Today we left Mishiwaka, Indiana and rode through the University of Notre Dame to get to Knox, Indiana. I’ve always wanted to see the home of the Fighting Irish, so I’m glad that I got to see it, even if only for a short while. I did get lost in there, though, because the GPS was being silly (by the way, we are currently searching for a name for our GPS. Comment with suggestions and we’ll choose the best one!). The day was hot, out of control hot. We tried to get an early start but the slow-up in Notre Dame basically guaranteed that we’d get stuck riding during the hottest part of the day.
Around noon, after riding for about three hours and nearing our destination, Thomas noticed that the road we were supposed to be on disappeared off the GPS and then reappeared farther south. He figured that just meant that the road was a dirt road, and thus he offered to give me a five mile break, knowing how much I hate riding on dirt roads due to the serious energy depletion and wrist pain that I suffer on dirt roads.
As we approached the Bermuda Triangle, we realized that it disappears off the GPS because we were heading onto a private farm road. The entrance to the road had a sign that said, if my memory serves me correctly (and it definitely does), “Keep Out.” But we’re from Massachusetts and we do whatever we want. Down the road there were some piles of bricks that my poor car (my car’s name is Cale, by the way) bottomed out on. Then we ran into some mud that Thomas got the bike stuck in, again and again. Then we found out that the private farm road ends… and we had to turn around… in the burning hot… and the increasing winds. Turning around we ran into some trouble getting the car back over the pile of bricks. And when I say, “some trouble,” I mean that it took us twenty or so minutes to push and pull the car, with smoking tires and dirt and brick fragments spitting everywhere, through the path. For awhile there I really thought we were going to be stuck in some farmer’s private road and we were going to get arrested and this trip would have a rather embarrassing end. We did see the farmer out harvesting some crops out in the field and he could probably see us destroying us his little road. We got a lot of good video of the whole experience. Unfortunately we did ruin the farmer’s road…

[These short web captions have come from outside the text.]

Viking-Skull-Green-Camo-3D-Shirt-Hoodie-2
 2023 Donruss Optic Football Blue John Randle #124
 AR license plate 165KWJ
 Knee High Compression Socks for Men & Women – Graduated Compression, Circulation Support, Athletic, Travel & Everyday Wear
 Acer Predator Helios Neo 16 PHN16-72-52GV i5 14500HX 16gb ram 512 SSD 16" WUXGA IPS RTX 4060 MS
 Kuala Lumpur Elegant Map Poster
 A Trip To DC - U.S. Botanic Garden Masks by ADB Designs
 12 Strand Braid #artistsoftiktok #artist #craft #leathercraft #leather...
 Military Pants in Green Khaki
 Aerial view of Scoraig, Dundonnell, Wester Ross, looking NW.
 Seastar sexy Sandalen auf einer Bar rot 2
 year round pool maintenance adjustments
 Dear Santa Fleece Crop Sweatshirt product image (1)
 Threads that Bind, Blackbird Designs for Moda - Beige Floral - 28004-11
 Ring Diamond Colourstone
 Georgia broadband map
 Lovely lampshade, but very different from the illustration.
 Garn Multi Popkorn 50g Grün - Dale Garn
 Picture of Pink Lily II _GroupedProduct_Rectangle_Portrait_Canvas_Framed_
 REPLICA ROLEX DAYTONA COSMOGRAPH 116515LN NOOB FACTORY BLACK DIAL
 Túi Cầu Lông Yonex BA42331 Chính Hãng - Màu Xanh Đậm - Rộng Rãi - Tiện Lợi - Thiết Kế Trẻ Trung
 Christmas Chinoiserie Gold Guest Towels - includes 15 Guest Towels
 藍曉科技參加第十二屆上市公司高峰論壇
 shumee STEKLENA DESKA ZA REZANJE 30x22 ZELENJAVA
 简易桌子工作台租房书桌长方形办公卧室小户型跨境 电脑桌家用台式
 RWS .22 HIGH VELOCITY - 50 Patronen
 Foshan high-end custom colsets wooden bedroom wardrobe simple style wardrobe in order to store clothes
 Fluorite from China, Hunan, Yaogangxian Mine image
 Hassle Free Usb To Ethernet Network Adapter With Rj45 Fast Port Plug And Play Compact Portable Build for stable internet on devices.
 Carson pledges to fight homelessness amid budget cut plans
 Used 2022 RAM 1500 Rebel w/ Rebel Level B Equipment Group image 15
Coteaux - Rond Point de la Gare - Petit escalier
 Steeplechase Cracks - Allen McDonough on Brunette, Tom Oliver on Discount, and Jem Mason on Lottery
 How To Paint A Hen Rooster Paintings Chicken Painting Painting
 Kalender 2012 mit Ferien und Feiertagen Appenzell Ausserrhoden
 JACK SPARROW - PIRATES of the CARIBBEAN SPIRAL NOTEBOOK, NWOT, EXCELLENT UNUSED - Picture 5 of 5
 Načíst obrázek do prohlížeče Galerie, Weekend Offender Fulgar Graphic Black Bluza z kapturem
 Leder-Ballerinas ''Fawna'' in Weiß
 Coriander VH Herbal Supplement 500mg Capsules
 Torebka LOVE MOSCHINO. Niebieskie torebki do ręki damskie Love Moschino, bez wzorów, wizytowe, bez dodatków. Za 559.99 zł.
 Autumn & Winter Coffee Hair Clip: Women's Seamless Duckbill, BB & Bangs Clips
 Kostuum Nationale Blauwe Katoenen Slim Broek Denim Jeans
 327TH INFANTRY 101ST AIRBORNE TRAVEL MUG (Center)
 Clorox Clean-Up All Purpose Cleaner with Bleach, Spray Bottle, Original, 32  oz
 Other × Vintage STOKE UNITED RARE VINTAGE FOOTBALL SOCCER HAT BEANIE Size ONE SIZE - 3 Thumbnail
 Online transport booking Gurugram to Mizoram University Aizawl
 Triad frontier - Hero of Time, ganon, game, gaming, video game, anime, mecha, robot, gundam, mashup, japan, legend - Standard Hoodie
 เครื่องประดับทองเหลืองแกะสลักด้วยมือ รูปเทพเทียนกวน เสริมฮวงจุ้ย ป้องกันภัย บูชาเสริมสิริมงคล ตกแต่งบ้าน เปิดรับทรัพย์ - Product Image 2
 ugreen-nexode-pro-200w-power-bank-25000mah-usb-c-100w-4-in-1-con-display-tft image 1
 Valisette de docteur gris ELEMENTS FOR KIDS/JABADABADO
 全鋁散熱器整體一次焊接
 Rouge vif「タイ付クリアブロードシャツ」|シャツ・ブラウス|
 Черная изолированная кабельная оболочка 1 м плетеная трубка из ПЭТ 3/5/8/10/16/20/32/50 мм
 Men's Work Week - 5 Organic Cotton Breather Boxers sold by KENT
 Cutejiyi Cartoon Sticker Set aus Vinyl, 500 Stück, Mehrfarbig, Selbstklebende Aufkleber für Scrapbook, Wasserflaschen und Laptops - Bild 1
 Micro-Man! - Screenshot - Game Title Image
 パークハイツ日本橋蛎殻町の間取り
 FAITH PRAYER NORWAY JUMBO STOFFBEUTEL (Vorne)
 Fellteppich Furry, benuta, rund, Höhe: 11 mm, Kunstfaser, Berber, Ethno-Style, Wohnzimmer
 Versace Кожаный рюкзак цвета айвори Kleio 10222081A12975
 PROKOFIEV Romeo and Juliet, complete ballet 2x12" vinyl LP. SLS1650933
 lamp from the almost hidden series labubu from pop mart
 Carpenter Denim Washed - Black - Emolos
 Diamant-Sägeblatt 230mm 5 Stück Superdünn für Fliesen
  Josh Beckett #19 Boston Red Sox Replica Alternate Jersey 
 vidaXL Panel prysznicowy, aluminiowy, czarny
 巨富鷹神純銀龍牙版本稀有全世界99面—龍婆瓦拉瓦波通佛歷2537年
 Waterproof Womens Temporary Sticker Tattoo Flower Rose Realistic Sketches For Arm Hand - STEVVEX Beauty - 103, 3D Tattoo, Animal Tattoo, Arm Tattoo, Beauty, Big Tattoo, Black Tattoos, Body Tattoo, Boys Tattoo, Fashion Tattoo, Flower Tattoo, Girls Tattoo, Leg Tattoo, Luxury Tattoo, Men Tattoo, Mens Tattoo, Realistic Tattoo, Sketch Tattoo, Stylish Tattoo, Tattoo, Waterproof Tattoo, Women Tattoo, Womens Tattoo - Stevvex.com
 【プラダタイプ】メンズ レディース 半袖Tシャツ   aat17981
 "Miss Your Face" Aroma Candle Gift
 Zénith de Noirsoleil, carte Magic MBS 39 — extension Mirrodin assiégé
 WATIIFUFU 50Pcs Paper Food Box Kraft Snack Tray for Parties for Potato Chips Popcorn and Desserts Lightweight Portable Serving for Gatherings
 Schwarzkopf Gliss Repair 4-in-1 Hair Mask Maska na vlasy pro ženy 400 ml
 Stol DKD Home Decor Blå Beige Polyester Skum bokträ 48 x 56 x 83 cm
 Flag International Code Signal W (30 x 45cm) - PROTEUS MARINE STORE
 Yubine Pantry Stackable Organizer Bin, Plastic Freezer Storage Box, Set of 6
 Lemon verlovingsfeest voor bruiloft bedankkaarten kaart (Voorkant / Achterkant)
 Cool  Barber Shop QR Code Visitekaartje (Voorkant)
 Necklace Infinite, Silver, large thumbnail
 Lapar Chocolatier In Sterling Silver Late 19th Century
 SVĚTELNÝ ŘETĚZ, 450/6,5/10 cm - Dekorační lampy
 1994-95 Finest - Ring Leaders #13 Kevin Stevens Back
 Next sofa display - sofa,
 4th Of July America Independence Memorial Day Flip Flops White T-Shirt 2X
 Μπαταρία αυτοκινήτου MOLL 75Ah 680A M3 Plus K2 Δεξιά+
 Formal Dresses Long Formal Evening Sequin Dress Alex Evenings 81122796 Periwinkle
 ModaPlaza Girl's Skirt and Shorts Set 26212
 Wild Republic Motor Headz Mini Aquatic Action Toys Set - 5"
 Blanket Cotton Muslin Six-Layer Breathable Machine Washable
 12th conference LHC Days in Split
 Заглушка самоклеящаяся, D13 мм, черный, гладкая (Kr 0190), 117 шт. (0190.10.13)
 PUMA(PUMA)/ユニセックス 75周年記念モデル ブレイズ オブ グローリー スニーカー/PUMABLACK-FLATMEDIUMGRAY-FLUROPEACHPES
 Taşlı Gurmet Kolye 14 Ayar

Still, I am proud to be a Masshole. To me, Masshole is a compliment. The word generally refers to Massachusetts drivers that cut off people from other states (that don’t know how to drive). Here’s the thing: we’re called Massholes by other states because they really don’t know how to drive, and then they get mad at us for trying to show them how to drive better. Similarly, we may often do stupid things and people get mad at us, but hey, we’re from Massachusetts and we know that life is about having fun adventures, and that’s why we do whatever want (within reason, obviously).
I’m also proud to be Masshole now because of the bill that is going through our State Congress to improve the regulations against human trafficking in our state. Thinking about that, I’ve decided to name Thomas’s mountain bike Lycurgus. Lycurgus was the great law-giver of the Greek city-state Sparta. I was going to name the bike Leonidas, but most historians believe that he killed some people to be one of the half-kings (Sparta was ruled by two kings with equal power). Instead I went with Lycurgus, who, as far as we know, was an upstanding citizen. Sparta’s foundation throughout most of its exalted history was given to it by Lycurgus’ primitive but far-sighted laws.
With Thomas’s bike having a new name, I think about Lycurgus and the importance of good laws. Though I am an anarchist, as long as we have a government we need to use it appropriately. Having good laws and then enforcing them is a must if we are going to stop human trafficking. So folks, it’s up to you. Political representatives, though they may seem aloof, really do react if they are flooded with letters and requests to respond to a certain issue. Let’s do that, then, eh? Write to your political representatives, call them, annoy them, do whatever is necessary to make sure that they know they won’t be re-elected if they don’t push hard for better human trafficking regulations. That’s how Massachusetts got it done. But there’s always improvement that we can push for.